During the first trimester, with increased vascularization of the uterus and vagina, there may be some brownish or bloody discharge from small vessels, especially after sexual intercourse or any other effort. This type of bleeding is usually discreet and self-limiting, posing no risk to pregnancy.

However, bleeding in the first trimester may be a sign of miscarriage or ectopic pregnancy. The warning signs are a bloody discharge in large amount associated with abdominal pains or cramps. In doubt, any discharge with suspected blood should be evaluated by the obstetrician.

By the third trimester, bloody discharge may indicate some complication, such as premature placental abruption or preterm labor. Another condition that can cause vaginal bleeding in pregnant women in late pregnancy is the placenta previa, a problem that occurs when the placenta is implanted in front of the uterus, obstructing the passage and preventing the exit of the fetus during childbirth.

Any bloody discharge in the second half of pregnancy should be evaluated rapidly by an obstetrician.
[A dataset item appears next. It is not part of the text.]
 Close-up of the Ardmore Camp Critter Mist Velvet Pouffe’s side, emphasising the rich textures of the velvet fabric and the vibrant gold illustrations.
Yellowish and/or foul-smelling discharge

Lengths that do not have characteristics of physiological discharge should be evaluated by the obstetrician, since a gynecological infection may be in progress. Among the signs of a pathological discharge, we can highlight:
  • Yellowish or greenish discharge
  • Strong smell (smell of raw fish)
  • Vaginal pain
  • Vaginal itching
  • Flow associated with burning to urinate
  • Sudden change in the characteristics or volume of the discharge

Gynecological infections during pregnancy are important because they are associated with numerous complications, such as preterm birth, abortion, fetal death, fetal infection, etc.
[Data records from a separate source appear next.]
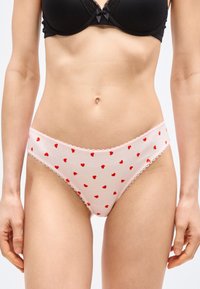 Γυναίκα που φοράει μαύρο σουτιέν και ανοιχτό ροζ εσώρουχο με κόκκινα σχέδια καρδιάς, φωτογραφημένη από τη μέση μέχρι το μέσο του μηρού σε ουδέτερο φόντο.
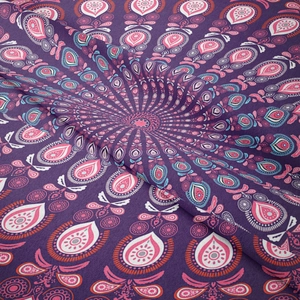Bohemian mandala tapestry with intricate purple and pink floral patterns for room decor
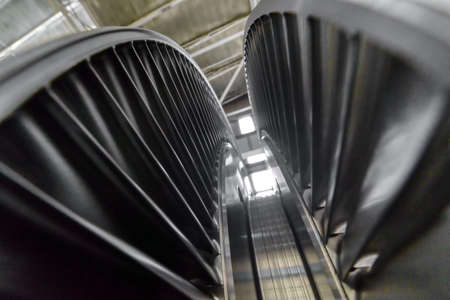 Steam turbine with silver blades in brightly lit workshopの写真素材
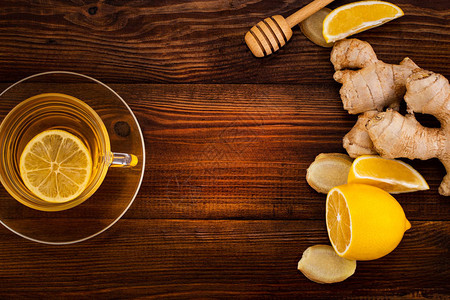一杯加柠檬蜂蜜和姜根的姜茶放在木制背景上复制空图片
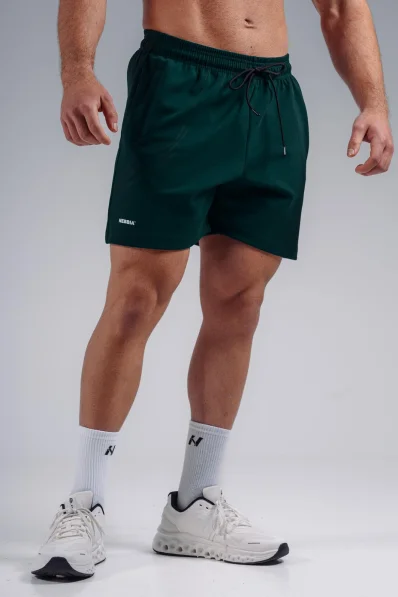 NEBBIA pantaloncini da allenamento oversize PRIMAL verdi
Infections that cause vaginitis (inflammation of the vaginal canal) are the main causes for pathological discharge. Are they:

Breaking the bag

The fetus inside the uterus is wrapped by a membrane, which is filled with amniotic fluid. This membrane is popularly called a water bag.

The rupture of the pouch occurs early in labor and causes a large drainage of fluid through the vagina. In most cases, there is not much like confusing this with a vaginal discharge. However, fluid outflow may be small and intermittent if the fetal head touches the cervix and functions as a kind of valve, allowing the passage of amynotic fluid only partially when the mother lies down or coughs.

The amniotic fluid is very clear and liquid, but can be a bit yellowish and sometimes with a few streaks of blood.